Die Biotechnologie ist längst zu einer tragenden Säule für Innovation, Wettbewerbsfähigkeit und nachhaltiges Wachstum in Europa avanciert. Vor dem Hintergrund globaler Herausforderungen – von Gesundheitskrisen bis hin zu Klimaveränderungen – erkennt die Europäische Union die strategische Notwendigkeit, die heimische Biotechnologiebranche zu stärken. Mit dem geplanten IPCEI „Biotechnologie“ (Important Project of Common European Interest) setzt die EU-Kommission gezielt Impulse, um Schlüsselindustrien effektiv zu fördern und Europa im internationalen Wettbewerb zu positionieren.

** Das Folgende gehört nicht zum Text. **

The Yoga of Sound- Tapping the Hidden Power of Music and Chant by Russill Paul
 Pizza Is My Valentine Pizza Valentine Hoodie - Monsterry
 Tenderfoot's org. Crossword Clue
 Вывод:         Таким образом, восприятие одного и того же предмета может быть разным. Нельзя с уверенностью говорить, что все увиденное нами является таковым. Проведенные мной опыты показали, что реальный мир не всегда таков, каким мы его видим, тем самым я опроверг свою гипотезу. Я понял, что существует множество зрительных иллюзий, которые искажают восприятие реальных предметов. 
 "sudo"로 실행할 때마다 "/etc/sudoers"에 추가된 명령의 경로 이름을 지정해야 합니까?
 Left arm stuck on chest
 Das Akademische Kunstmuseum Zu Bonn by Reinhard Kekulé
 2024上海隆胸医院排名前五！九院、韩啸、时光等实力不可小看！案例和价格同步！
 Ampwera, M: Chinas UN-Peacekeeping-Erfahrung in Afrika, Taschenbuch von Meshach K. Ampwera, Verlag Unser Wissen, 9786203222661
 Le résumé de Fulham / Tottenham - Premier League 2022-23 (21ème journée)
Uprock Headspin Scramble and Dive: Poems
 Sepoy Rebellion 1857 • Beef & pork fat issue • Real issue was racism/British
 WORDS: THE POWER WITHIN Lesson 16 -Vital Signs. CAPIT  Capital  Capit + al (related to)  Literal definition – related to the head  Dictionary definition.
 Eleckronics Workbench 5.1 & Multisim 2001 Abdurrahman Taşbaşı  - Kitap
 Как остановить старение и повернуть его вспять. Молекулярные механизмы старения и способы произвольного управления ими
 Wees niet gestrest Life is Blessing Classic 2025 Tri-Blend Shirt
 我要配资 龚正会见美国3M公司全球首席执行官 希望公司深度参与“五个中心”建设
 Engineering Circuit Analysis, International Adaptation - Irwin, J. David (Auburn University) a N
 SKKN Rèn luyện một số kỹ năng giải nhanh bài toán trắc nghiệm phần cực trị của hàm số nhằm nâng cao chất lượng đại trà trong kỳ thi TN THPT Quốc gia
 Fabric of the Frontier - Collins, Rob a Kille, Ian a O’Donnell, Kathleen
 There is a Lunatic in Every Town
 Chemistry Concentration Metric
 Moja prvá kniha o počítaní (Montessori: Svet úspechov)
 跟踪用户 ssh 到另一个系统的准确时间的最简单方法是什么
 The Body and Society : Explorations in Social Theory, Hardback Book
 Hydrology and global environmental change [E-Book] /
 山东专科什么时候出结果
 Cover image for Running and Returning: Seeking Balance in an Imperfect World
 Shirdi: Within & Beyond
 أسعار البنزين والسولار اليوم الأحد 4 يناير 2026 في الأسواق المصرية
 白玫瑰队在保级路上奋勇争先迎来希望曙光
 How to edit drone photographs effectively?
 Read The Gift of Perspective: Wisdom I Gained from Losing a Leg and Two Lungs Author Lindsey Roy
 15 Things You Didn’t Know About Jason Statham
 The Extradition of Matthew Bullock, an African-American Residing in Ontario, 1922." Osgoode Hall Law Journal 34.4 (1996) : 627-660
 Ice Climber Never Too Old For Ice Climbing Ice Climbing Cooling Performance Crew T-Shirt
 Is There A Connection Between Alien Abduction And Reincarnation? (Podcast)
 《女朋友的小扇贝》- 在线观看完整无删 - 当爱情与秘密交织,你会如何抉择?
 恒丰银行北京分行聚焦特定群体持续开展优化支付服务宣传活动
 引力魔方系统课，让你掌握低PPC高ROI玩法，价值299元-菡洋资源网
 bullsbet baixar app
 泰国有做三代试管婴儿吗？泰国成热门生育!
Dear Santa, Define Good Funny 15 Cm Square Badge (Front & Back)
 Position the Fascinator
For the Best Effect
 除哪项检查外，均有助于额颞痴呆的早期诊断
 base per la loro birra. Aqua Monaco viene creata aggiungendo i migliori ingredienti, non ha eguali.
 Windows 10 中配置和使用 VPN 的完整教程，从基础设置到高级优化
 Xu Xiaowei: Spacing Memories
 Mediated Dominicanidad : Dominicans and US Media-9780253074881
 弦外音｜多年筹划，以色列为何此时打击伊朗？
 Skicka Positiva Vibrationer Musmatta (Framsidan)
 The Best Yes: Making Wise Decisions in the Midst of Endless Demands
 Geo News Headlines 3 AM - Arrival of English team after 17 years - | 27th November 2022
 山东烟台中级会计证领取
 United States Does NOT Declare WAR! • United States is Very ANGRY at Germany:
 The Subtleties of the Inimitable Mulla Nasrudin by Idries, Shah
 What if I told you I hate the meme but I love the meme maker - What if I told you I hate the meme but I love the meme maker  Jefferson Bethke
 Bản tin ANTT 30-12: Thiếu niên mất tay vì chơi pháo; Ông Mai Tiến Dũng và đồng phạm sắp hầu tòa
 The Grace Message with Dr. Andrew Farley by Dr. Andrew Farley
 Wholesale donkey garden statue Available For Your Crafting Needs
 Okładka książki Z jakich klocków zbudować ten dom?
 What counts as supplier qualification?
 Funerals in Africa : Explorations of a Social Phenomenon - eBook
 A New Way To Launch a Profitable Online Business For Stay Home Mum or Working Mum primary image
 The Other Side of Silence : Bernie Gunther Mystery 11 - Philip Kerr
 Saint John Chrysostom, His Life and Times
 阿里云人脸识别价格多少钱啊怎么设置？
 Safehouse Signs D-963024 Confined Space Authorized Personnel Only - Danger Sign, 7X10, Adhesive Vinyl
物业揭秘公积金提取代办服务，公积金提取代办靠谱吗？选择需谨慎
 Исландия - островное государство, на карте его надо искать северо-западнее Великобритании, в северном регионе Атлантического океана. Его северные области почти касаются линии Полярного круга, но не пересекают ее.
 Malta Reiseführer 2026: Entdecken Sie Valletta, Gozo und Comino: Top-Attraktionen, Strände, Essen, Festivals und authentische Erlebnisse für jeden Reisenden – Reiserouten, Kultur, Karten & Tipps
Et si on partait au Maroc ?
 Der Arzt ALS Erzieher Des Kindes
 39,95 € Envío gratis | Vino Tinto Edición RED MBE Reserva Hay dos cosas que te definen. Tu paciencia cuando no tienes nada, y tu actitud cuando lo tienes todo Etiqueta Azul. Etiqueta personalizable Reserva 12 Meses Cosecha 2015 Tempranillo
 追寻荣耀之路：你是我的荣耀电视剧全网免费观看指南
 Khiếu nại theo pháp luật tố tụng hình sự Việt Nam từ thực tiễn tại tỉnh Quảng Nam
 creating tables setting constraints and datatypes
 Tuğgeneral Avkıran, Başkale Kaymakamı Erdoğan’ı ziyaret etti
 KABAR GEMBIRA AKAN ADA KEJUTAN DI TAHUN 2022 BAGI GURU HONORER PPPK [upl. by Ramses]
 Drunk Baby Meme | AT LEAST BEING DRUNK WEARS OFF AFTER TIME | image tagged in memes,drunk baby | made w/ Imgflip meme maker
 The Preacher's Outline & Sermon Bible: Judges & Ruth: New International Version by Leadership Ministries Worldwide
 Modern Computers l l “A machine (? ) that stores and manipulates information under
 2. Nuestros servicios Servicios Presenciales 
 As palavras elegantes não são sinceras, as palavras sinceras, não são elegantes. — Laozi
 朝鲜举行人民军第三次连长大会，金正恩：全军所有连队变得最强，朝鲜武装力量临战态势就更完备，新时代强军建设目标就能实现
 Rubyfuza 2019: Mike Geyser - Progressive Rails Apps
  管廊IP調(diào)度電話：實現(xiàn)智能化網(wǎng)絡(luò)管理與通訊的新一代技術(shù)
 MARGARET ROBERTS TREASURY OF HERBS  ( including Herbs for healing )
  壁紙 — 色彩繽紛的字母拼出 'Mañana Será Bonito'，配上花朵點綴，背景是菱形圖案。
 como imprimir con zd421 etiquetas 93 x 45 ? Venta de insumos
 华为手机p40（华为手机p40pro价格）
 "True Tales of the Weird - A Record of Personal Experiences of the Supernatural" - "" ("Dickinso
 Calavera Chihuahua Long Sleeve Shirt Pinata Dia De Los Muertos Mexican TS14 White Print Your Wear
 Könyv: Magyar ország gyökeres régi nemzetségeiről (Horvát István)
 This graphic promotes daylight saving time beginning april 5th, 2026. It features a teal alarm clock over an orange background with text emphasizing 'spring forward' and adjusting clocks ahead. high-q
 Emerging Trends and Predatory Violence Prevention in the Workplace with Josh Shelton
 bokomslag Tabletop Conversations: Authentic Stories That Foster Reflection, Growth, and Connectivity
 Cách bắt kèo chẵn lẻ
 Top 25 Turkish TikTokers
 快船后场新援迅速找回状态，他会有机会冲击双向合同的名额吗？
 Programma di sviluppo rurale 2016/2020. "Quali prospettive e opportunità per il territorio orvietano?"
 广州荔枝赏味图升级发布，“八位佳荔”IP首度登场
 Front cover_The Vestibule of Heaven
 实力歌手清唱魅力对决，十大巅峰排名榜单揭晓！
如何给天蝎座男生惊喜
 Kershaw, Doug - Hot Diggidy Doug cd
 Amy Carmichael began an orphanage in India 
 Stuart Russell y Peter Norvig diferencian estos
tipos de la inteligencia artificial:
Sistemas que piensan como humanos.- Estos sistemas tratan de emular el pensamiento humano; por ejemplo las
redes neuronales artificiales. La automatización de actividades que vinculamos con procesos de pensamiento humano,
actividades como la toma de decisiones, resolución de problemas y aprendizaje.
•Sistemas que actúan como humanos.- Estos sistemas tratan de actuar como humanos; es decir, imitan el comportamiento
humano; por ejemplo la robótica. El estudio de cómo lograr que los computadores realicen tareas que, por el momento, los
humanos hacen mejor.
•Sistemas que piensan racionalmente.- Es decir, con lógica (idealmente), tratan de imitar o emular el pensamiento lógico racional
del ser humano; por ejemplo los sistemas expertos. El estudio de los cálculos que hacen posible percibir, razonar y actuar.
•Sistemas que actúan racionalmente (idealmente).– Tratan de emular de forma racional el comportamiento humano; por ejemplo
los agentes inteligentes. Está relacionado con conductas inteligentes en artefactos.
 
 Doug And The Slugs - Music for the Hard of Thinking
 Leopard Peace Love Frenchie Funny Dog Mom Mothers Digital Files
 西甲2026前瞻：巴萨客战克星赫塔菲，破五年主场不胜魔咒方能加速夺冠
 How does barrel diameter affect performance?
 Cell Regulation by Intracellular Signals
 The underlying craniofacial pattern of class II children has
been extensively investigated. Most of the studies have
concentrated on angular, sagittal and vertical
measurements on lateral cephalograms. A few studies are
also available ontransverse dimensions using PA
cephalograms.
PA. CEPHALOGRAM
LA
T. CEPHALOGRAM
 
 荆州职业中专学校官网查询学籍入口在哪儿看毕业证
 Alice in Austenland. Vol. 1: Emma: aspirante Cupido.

Wirtschaftliche Relevanz der Biotechnologie in Europa

Die Biotechnologie ist von hoher wirtschaftlicher Bedeutung. Nach Schätzungen der EU-Kommission belief sich die globale Marktgröße der Biotechnologie 2021 auf € 720 Mrd. bei einer jährlichen Wachstumsrate von über 18 Prozent. Die USA dominierten diesen Markt mit einem Anteil von 60 Prozent, gefolgt von der Europäischen Union (12 Prozent) und China (11 Prozent). Im Jahr 2018 trug laut Schätzung der EU-Kommission die Biotechnologie in der Europäischen Union direkt € 31 Mrd. zum gesamten Bruttoinlandsprodukt bei, schuf 210.700 direkte Arbeitsplätze im Gesundheitswesen, in der Industrie und in der Landwirtschaft und unterstützte 625.700 Arbeitsplätze (indirekt und induziert) in der gesamten Wirtschaft.

Herausforderungen: Von der Regulierung bis zur Rohstoffversorgung

Laut EU-Kommission sei Europa zwar besonders stark auf dem Feld von Life Science und führt bei qualitativ hochwertigen Veröffentlichungen, welche die Gesundheit, Landwirtschaft und industrielle Biotechnologie abdecken. Allerdings schafften es nur wenige Forschungsergebnisse zur Marktreife. Im Fall von unter anderem gesundheitsbezogener Biotechnologie sei die Umsetzung von Spitzenforschung in Produkte und Behandlungen in der Europäischen Union weniger erfolgreich als in den USA und China.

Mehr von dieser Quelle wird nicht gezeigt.